TRY IT:
This exercise calls for every record to be returned exactly, with pictures removed.

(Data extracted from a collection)
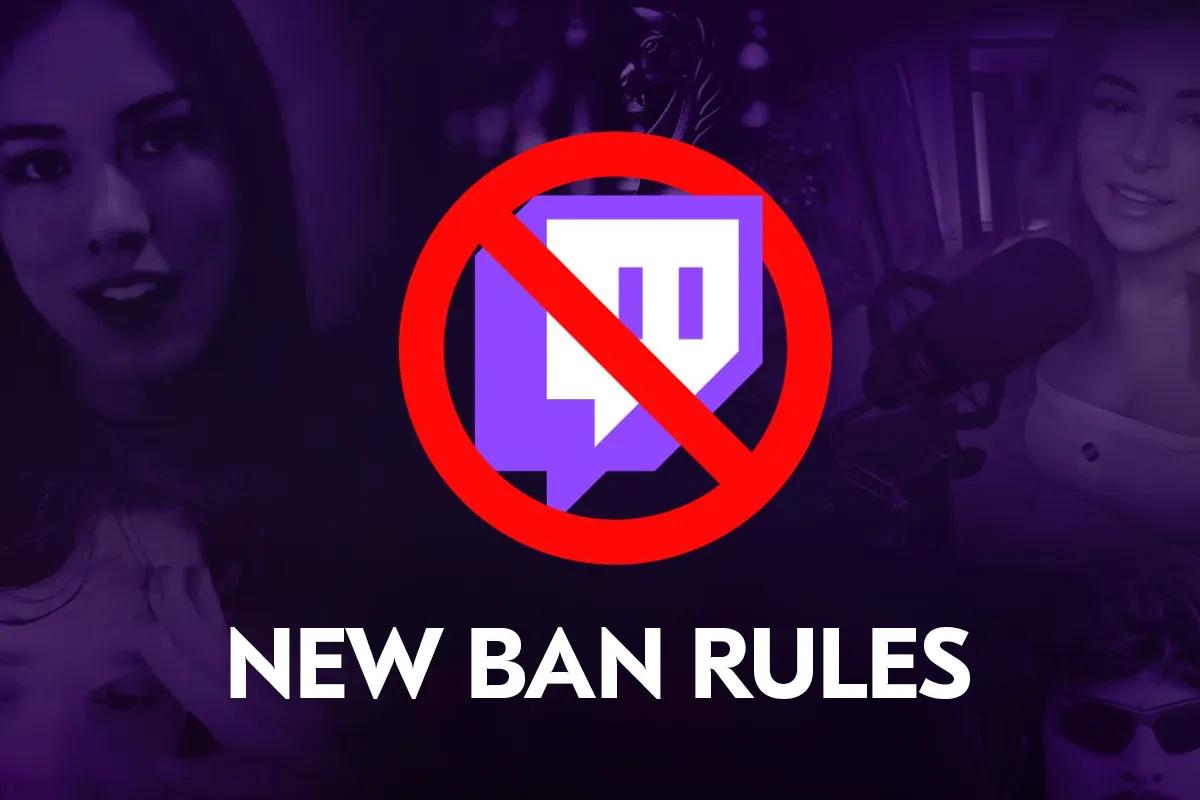 Twitch New Rules: Streamers Get a Second Chance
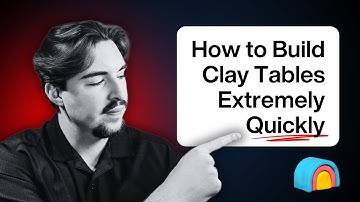 Save Hours With Clay’s New Multi-Column Template (20min → 15sec)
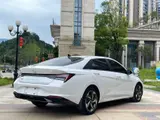 Hyundai Elantra, 2022 модельного года, комплектация «Премиум» 4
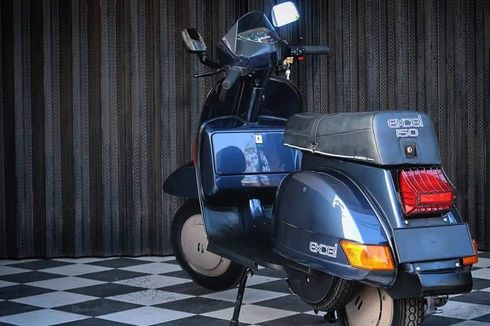 Pemula Coba Main Vespa 2 Tak, Coba Beli Tahun yang Paling Muda 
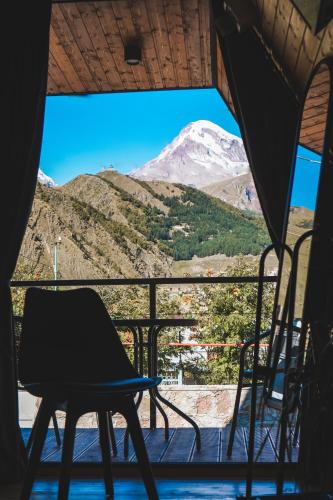 Peak View Kazbegi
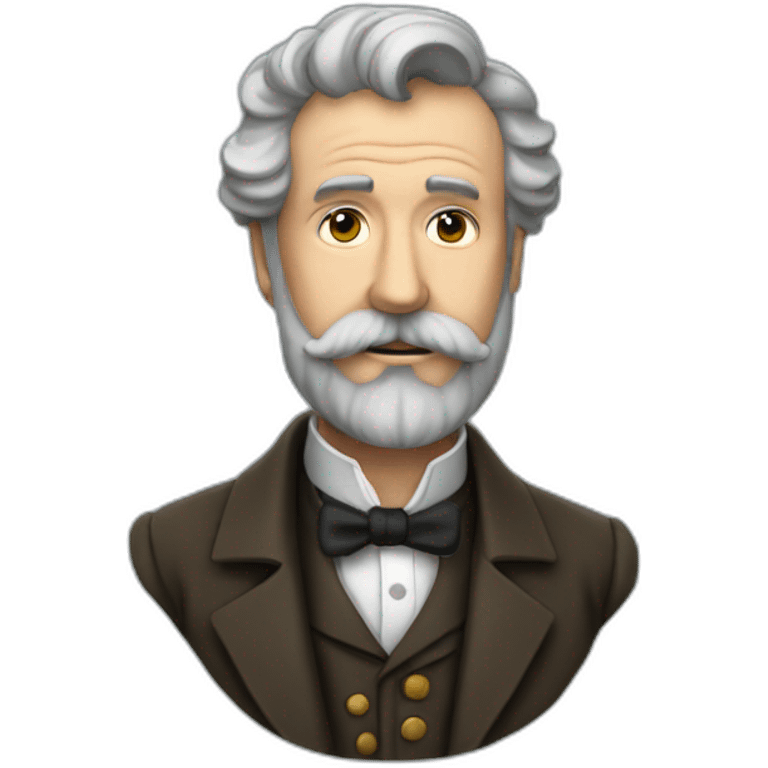 Jules verne emoji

ANSWER BOX:
 Twitch New Rules: Streamers Get a Second Chance
 Save Hours With Clay’s New Multi-Column Template (20min → 15sec)
 Hyundai Elantra, 2022 модельного года, комплектация «Премиум» 4
 Pemula Coba Main Vespa 2 Tak, Coba Beli Tahun yang Paling Muda 
 Peak View Kazbegi
 Jules verne emoji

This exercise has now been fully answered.